A: Recent research shows that living with a cat or dog in early childhood may reduce the risk of your child developing asthmatic symptoms. The study found that children residing with cats were more likely to have allergy-related antibodies to felines. Never leave your baby alone with a dog or cat.

… Doctor
Q: How can I relieve my constipation?
A: Constipation is a common symptom of pregnancy, mainly because the hormone progesterone slows down your bowel function, making everything more sluggish. Many women exercise less than usual during pregnancy, which can also cause things to become blocked. Finally, iron pills, which may be prescribed for anemia, are notorious for causing constipation.

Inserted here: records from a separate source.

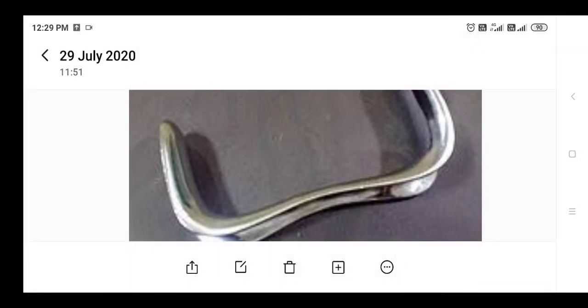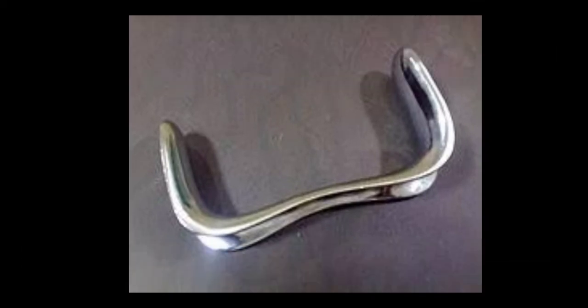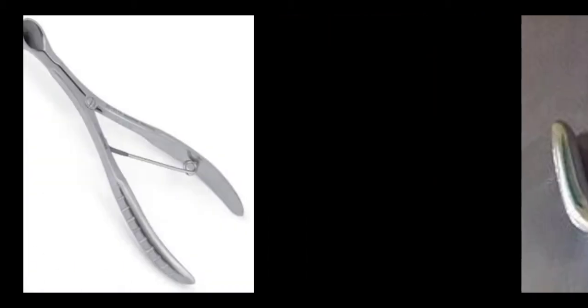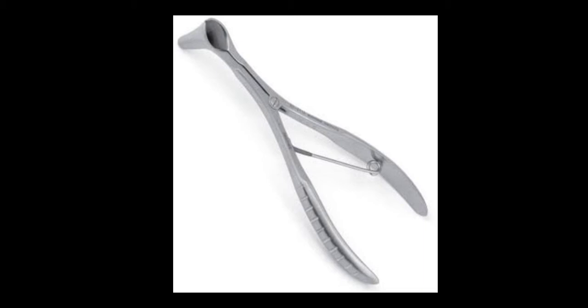This is a Sims speculum — Sims vaginal speculum. It is an instrument used to examine the vagina of a female patient. See carefully, because all these instruments can be asked in any form of examination.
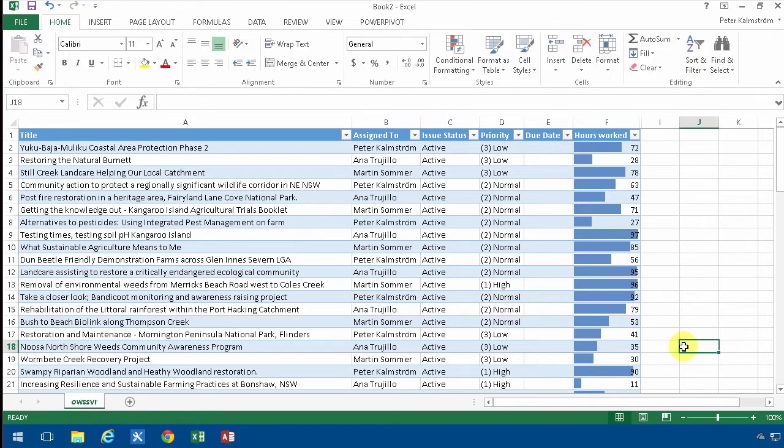Hi, I'm Peter Kalmstrom of Kalmstrom.com Business Solutions. In this demonstration, I'll show you how to further analyze your SharePoint list data in Excel.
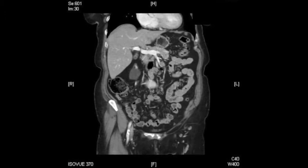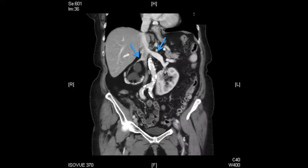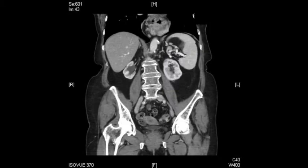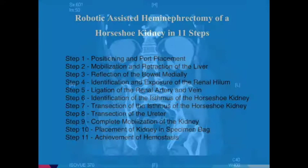A CT urogram of the abdomen and pelvis demonstrates a horseshoe kidney with the isthmus clearly identified. The scan also demonstrates the anterior and superior displacement of the renal hilum, typical of a horseshoe kidney. There is delayed uptake and minimal excretion of IV contrast from the right hemikidney. The left hemikidney appears normal.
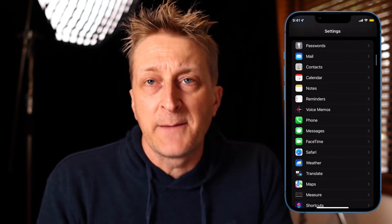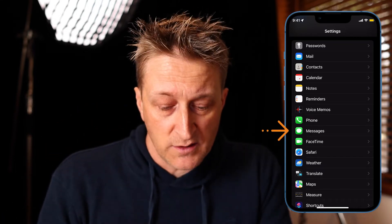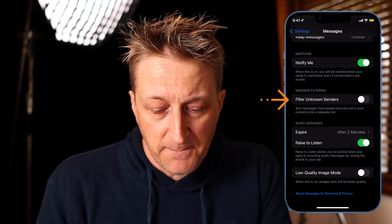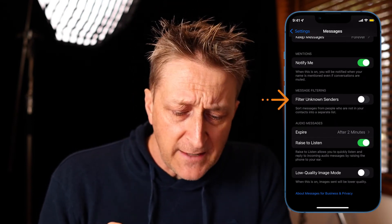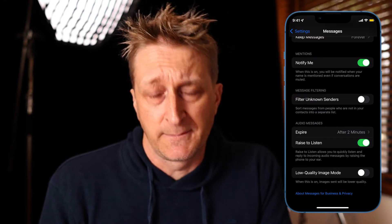Let's jump over to Settings. On the Settings page, scroll down to the fifth section — the one with Passwords at the top. Halfway down that section you're going to see three green icons, and the middle one is Messages. Click on Messages, then start by scrolling all the way to the bottom.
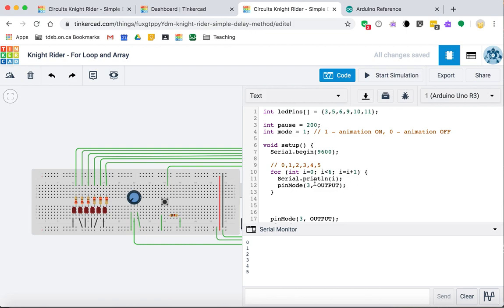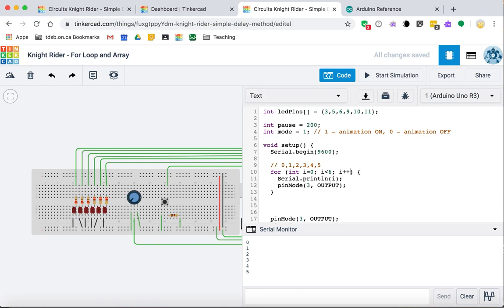When the loop runs for index four, it increments to five, which is less than six, so it runs. Then five increments to six — six is no longer less than six, so the condition is false and execution continues with whatever comes after the loop block. We can replace the explicit increment with the '++' operator, which is shorthand for 'i = i + 1'.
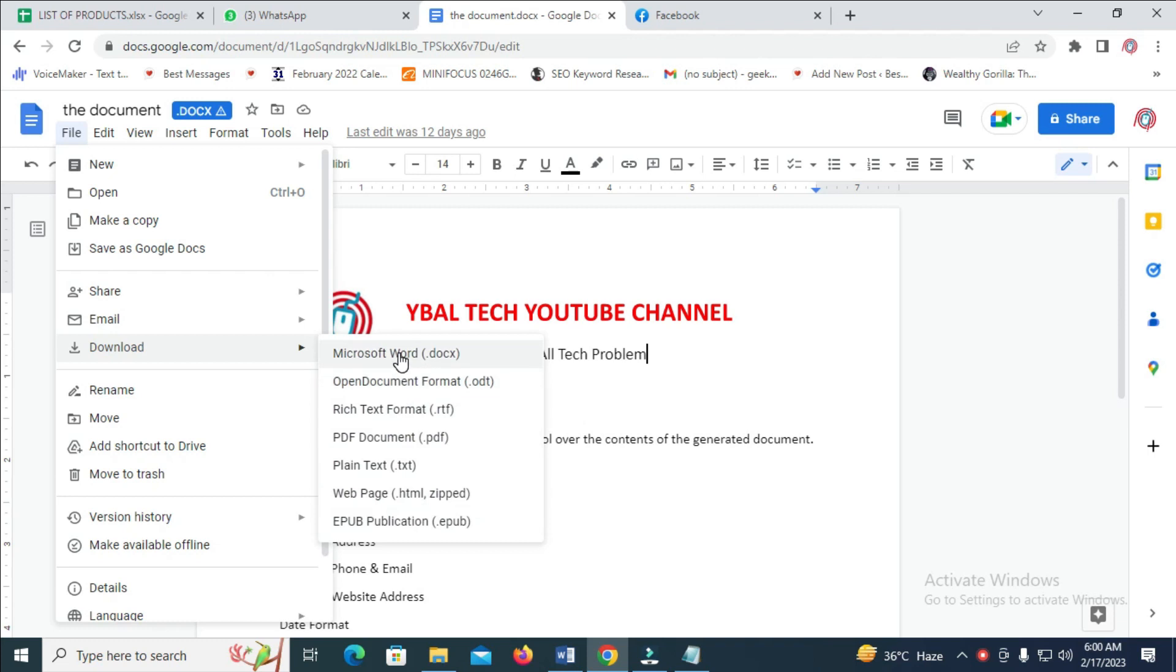It's better to download it as a Word document if you want the person to edit, or download it as PDF if you don't want the person to edit the document.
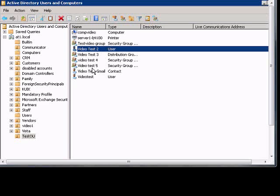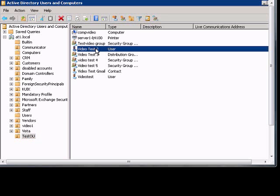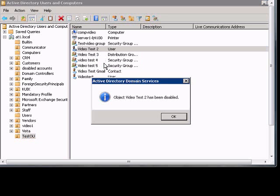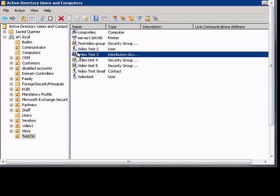If you'd like to disable a user in Active Directory Users and Computers, Windows 2008, locate the organizational unit and the user you would like to disable. Right-click, choose Disable Account, click OK, and you can see at this time it has an arrow pointing down showing that it is disabled.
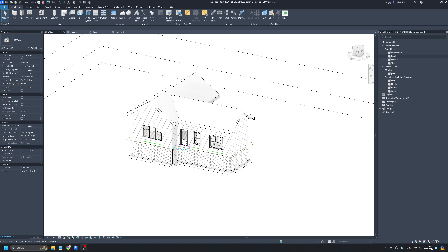This video is going to cover adding components into your drawings, some of the places you can find components that might be better than the default Revit library, as well as how to add dimensions and annotations into your drawings.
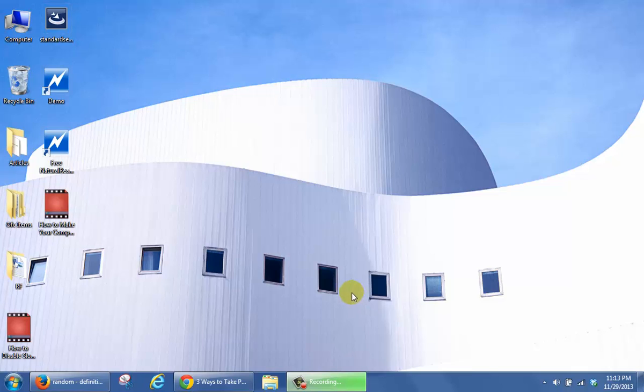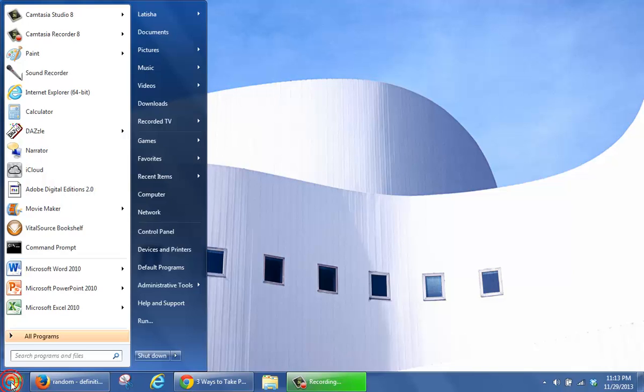This tutorial shows you how to take a picture of your computer screen. The first thing you should do is click on the Start button.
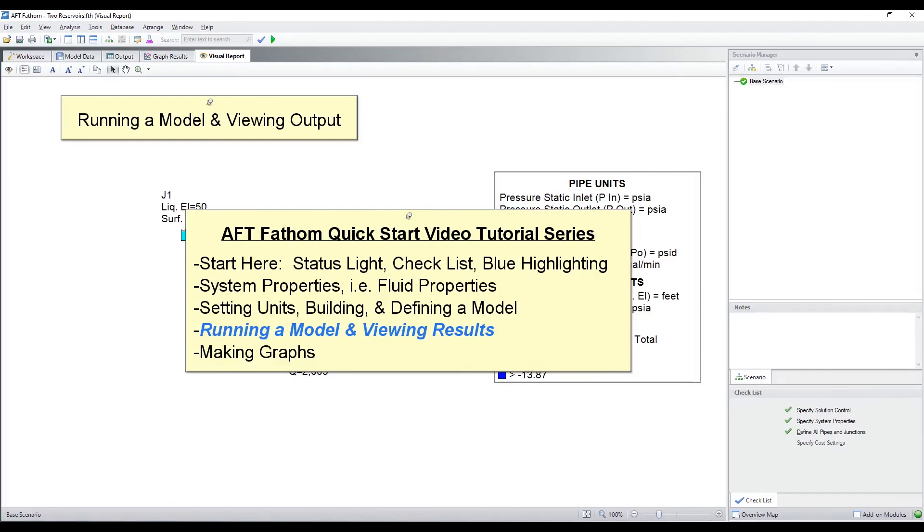This completes the quick start video tutorial series on running a model and viewing results with the output and visual report windows. Thanks for watching and feel free to refer to the other topics in our AFT Fathom quick start video tutorial series.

There are, thankfully, many ways to relieve the problem:

  • Eat more fiber: ensure that you are getting plenty of fiber in your diet, in the form of fresh fruit and vegetables, and whole grains, and drink plenty of water to aid the passing of stools.

  • Go natural: Psyllium (or ispaghula), a common ingredient in some laxatives, appears to be safe during pregnancy, although studies in pregnant women have not been done.

  • Exercise regularly: Exercise during pregnancy helps to reduce constipation.

  • Constipation during pregnancy can lead to itchy or painful hemorrhoids: If this happens to you, ask your doctor what medicines you can use for soothing relief.

  • Don’t ignore the urge to go: Ignoring the urge too often can lead to constipation. Take care of your needs, even if you think you’re too busy to stop what you’re doing or if it means that you’ll have to use a public toilet.